**Exercise description**
Return the line containing "17promaxhybridmockup.png" and every line beneath it through the end of the entries below, unchanged. Pictures stay out.

**Records for the exercise**

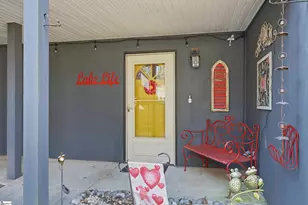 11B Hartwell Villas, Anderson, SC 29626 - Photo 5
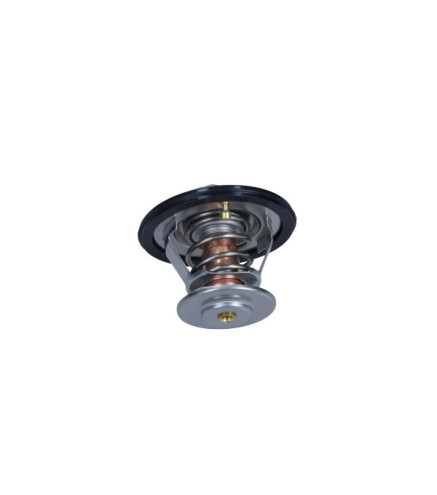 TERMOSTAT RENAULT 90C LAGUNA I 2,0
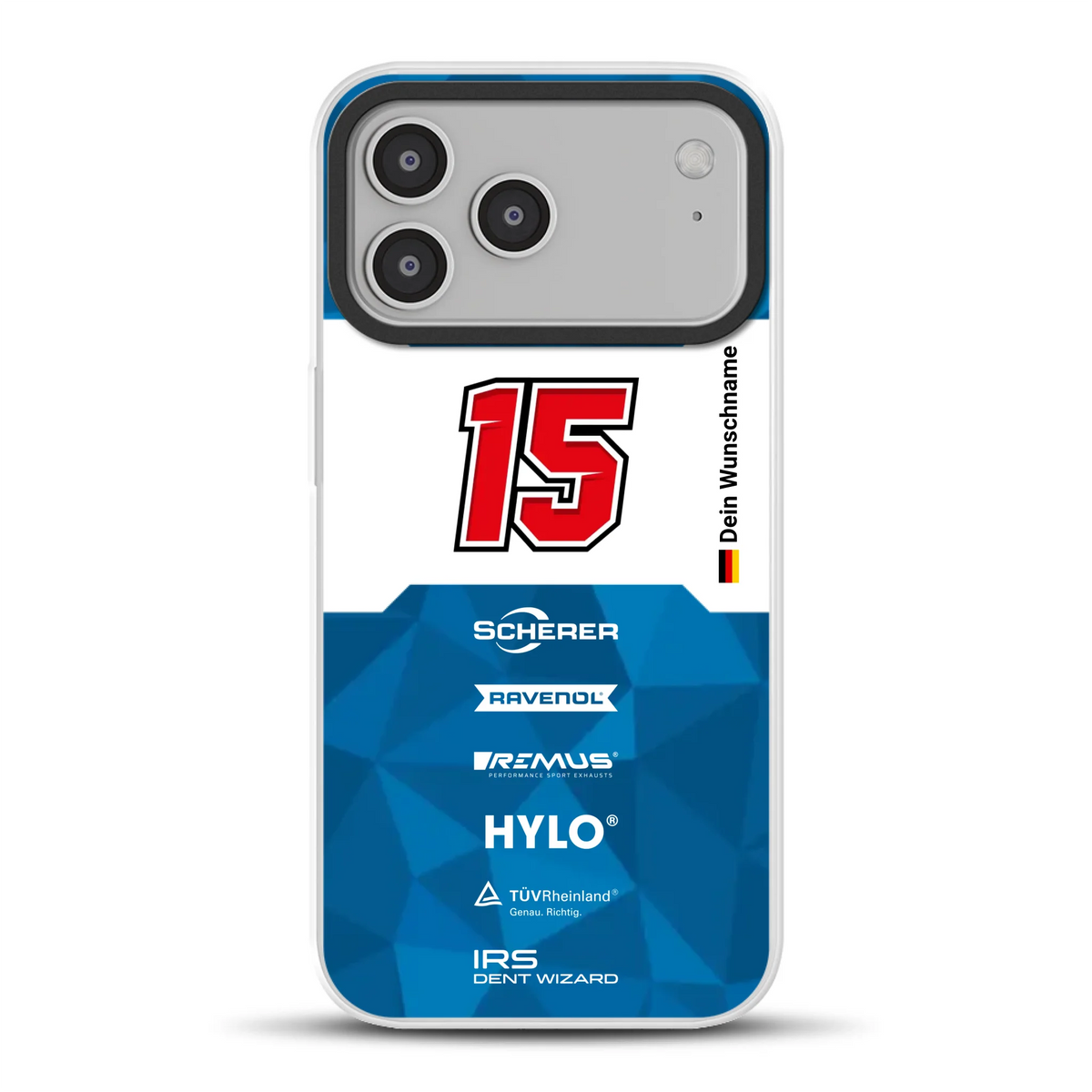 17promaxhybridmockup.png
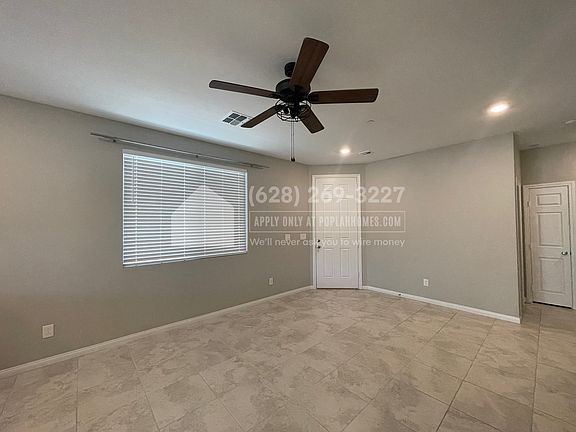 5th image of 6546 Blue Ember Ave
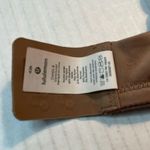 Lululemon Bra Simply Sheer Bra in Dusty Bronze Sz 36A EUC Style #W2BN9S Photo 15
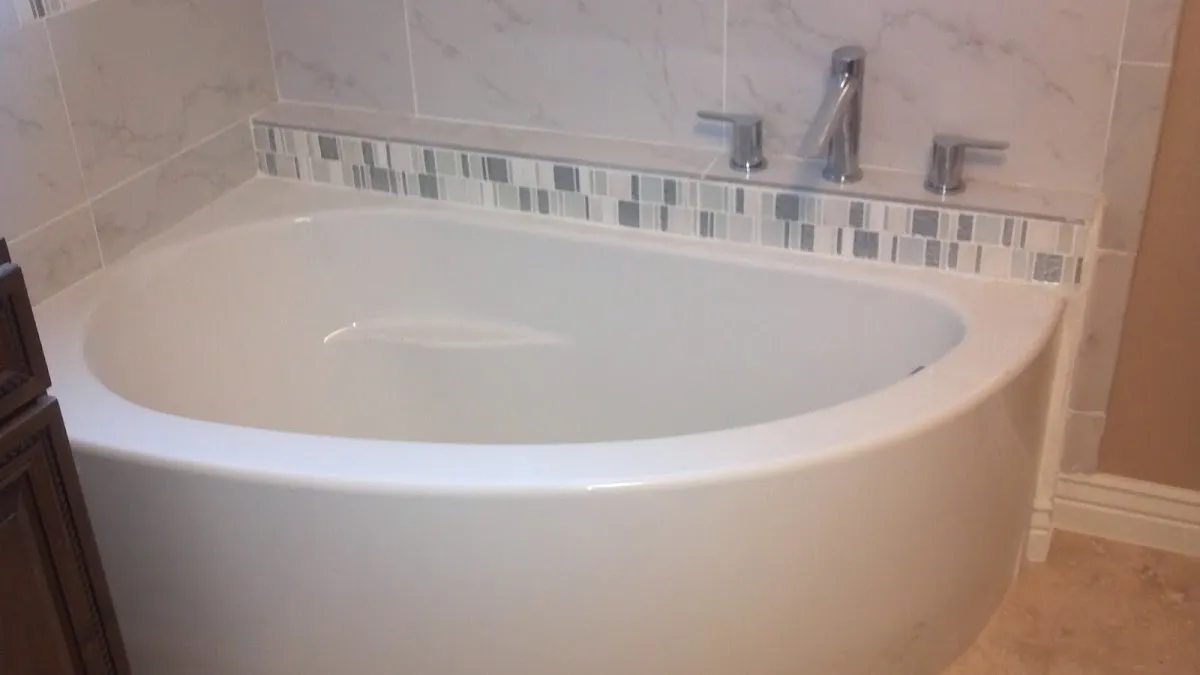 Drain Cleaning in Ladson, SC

**Response for this exercise**
 17promaxhybridmockup.png
 5th image of 6546 Blue Ember Ave
 Lululemon Bra Simply Sheer Bra in Dusty Bronze Sz 36A EUC Style #W2BN9S Photo 15
 Drain Cleaning in Ladson, SC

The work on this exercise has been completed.